• How to complete this task: Taking the records below, count the lines in which "venta" appears and supply only the count.

━━━━━━━━━━━━━━━━

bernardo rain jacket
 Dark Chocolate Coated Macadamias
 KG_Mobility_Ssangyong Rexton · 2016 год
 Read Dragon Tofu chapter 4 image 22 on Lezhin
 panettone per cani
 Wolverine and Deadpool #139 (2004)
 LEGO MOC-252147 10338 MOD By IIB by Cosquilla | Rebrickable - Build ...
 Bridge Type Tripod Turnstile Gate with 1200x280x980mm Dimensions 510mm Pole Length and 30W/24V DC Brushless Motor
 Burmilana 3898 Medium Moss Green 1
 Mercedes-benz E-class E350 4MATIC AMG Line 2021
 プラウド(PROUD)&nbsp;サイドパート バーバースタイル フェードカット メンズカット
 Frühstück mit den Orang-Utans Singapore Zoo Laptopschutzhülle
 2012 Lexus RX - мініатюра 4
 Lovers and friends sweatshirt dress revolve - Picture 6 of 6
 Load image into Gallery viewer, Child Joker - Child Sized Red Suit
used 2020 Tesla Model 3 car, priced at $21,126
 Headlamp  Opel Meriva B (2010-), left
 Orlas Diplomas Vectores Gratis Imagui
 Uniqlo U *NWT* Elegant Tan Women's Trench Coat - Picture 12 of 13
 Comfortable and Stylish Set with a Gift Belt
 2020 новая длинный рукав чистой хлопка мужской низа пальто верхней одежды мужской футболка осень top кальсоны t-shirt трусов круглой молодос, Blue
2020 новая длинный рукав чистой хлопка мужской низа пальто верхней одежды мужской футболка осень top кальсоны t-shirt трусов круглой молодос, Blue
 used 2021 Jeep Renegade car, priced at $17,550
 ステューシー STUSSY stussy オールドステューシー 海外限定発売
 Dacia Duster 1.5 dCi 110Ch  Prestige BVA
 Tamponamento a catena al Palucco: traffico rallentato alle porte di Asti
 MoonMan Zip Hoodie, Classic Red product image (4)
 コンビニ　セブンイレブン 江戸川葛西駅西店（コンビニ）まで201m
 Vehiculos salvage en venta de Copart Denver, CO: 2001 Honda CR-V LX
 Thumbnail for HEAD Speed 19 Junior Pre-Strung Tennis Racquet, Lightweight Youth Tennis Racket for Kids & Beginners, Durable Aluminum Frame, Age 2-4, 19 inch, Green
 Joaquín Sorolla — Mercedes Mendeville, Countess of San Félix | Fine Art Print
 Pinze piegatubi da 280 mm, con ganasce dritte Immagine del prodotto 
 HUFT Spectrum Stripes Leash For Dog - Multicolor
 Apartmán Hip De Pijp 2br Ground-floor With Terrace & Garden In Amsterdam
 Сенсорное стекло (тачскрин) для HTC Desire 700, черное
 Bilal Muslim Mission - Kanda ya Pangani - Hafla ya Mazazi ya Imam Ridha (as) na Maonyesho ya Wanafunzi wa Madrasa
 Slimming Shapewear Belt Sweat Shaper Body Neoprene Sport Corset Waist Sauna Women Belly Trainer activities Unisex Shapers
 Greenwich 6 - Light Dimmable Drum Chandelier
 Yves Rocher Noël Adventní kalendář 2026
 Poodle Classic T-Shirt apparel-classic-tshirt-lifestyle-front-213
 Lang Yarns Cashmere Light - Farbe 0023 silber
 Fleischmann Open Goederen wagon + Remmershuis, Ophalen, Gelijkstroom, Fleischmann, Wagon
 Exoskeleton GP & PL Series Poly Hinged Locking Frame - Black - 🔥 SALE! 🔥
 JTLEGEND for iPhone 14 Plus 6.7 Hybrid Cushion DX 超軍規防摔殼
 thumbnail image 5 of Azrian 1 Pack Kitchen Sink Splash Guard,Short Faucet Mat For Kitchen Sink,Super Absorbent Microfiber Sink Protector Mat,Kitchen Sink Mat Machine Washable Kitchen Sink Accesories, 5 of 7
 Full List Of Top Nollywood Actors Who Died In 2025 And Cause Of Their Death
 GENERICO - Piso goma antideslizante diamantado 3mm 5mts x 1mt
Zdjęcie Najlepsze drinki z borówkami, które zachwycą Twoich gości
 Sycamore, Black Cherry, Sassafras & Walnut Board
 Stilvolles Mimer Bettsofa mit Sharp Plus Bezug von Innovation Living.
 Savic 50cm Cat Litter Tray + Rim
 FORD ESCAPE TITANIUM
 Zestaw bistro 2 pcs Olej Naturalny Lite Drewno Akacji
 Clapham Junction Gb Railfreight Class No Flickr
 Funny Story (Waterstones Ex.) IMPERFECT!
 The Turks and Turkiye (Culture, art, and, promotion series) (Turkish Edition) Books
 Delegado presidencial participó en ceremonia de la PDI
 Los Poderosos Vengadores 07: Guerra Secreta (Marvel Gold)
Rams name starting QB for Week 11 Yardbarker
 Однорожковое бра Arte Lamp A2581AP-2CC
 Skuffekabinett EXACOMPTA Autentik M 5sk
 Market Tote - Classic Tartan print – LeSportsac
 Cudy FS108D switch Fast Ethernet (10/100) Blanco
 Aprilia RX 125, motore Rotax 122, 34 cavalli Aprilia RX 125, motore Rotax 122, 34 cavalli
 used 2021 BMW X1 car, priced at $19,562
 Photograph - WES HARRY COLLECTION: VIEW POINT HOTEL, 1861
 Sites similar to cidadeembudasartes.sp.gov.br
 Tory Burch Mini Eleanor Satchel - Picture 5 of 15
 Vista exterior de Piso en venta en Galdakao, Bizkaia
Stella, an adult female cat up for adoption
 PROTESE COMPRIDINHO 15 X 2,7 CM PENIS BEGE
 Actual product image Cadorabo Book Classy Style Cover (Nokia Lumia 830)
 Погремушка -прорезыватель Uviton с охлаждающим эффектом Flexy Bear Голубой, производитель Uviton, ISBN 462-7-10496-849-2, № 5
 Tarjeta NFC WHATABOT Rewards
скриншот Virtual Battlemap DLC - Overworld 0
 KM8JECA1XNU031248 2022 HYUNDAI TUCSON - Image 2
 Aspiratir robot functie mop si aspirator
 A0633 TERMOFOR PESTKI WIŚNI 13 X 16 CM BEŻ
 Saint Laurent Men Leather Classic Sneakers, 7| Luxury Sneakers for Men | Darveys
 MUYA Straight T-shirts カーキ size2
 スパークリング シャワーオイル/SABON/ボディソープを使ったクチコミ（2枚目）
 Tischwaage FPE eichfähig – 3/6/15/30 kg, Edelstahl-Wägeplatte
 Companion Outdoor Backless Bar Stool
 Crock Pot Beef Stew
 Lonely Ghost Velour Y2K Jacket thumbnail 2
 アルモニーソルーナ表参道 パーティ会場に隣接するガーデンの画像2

━━━━━━━━━━━━━━━━

• Output for this exercise: 2